La Réunification des 2 Corées… Scénographie et mise en scène superbement décalées

"La Réunification des deux Corées", Odéon Ateliers Berthier, Paris

[Reprise] Dans une mise en scène où l’atmosphère et la scénographie distille quelques vapeurs de sombre étrangeté, la mise en distance opérée entre les personnages, dans une série de scénettes, donne au spectacle une allure de folie raisonnée de très bel acabit.



© Élisabeth Carecchio.
© Élisabeth Carecchio.
Lumière sur une scène tout en longueur. L’atmosphère est chargée, l’air comme traversé par des nuages bleus. À chaque extrémité de la scène, un personnage et son protagoniste. La parole semble lointaine, comme un champ de bataille à traverser pour communiquer.

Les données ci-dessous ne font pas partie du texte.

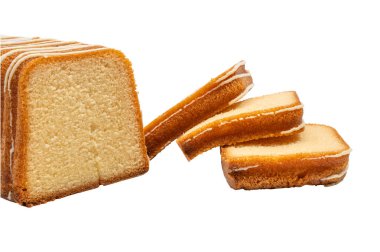 Cake loaf with slices, front view. Front view of sponge loaf cake with white icing and slices leaning forward, isolated on a white background. Golden crust with fluffy inside.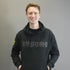 Man wearing a black hoodie with 'TRANSFORM-U' text on a gray background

Le spectacle est découpé en une vingtaine de scènes. Joël Pommerat traite du désamour, de l’incompréhension, du rapport entre deux irréductibilités noyées dans leurs certitudes. Quand le "Nan" et le "Non" se rencontrent, l’issue ne peut déboucher sur un fleuve de compréhension. Les histoires se déroulent dans des espaces-lieux décalés où l’étrangeté frôle la déraison. Étrange, tout est étrange dans ces scènes qui s’enchaînent harmonieusement les unes aux autres.

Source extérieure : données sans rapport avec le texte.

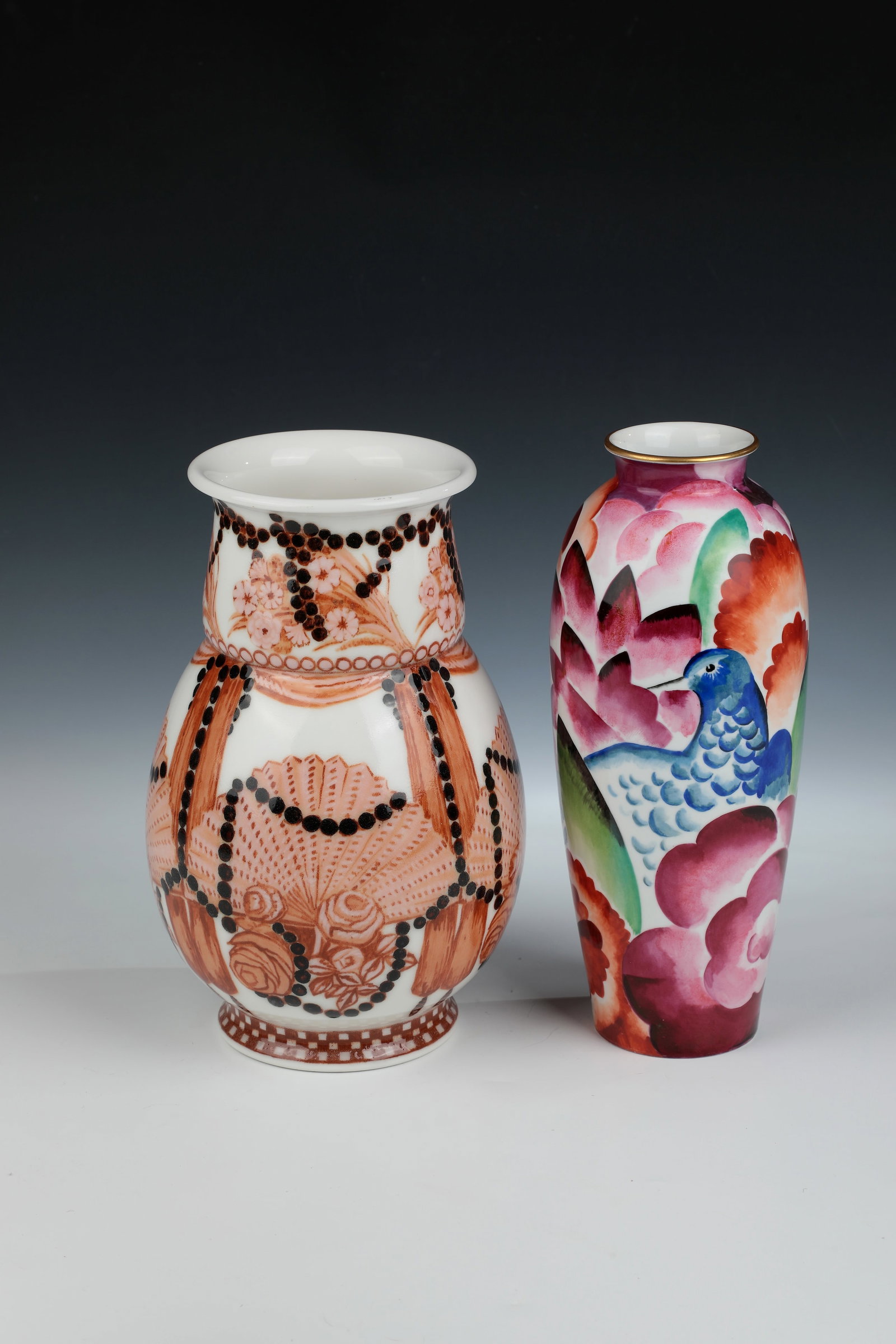 Two vases: Two vases designed by Jean Beaumont and Guy Loe, Sèvres around 1935/36 Vase ''Louet'', décor after Guy Loe, 1936. In shades of red and brown. Manufactory and painter's mark, CP d'ap. Guy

Chaque scène est une histoire, unique, qui se suffit à elle-même. Le lien entre les histoires est cette distance, cette irréductibilité entre les personnages, distance symbolisée par une scène longitudinale où les personnages sont souvent aux extrémités. Distance aussi de non-retour dont les mots, les propos ne peuvent rien combler et où le contact corporel est soit inexistant soit très présent dans des corps à corps violents.

© Élisabeth Carecchio.
© Élisabeth Carecchio.
La mise en scène met en exergue avec beaucoup d’habileté ces distances, ces vides, ces lieux insondables où le dicible taquine l’indicible. Chaque histoire met en action les ressorts cachés de nos sentiments, de nos pulsions, de nos incompréhensions.

Le jeu des comédiens est à brûle-pourpoint. On est dans la confrontation, l’incompréhension, voire une folie passagère. Les histoires sont en décalé grâce aux situations et aux personnages. C’est l’irréductibilité de chaque personnage qui est prise à témoin où le tragique et l’étrange s’immiscent.

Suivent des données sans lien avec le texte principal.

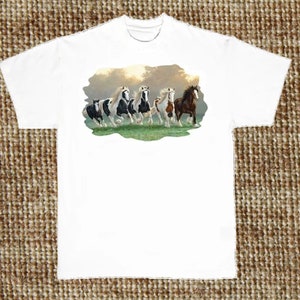 Pode incluir: Camiseta branca com uma imagem colorida de cinco cavalos correndo por um campo. Os cavalos são pretos, brancos, marrons e manchados.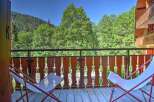 Enjoy the serene mountain views from this charming balcony, perfect for your morning coffee or evening relaxation.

L’écriture est bien ciselée. Cela fuse, c’est rapide et vif. La tension est prépondérante dans les scènes avec des cassures de jeu bien agencées. La prestation des acteurs est très belle.

La musique est légère et accompagne certaines scènes, leur donnant ainsi un sentiment tragique. Elles sont entrecoupées par une chanteuse qui, au fil de la pièce, est de plus en plus présente avec une voix envoutante presque androgyne.

Ce sont des scènes courtes, vives qui ont toutes une progression rythmique linéaire agencées par une mise en scène très audacieuse et ciselées dans une très belle scénographie. Le spectacle est superbe dans le jeu, l’écriture et la mise en scène. Un vrai régal !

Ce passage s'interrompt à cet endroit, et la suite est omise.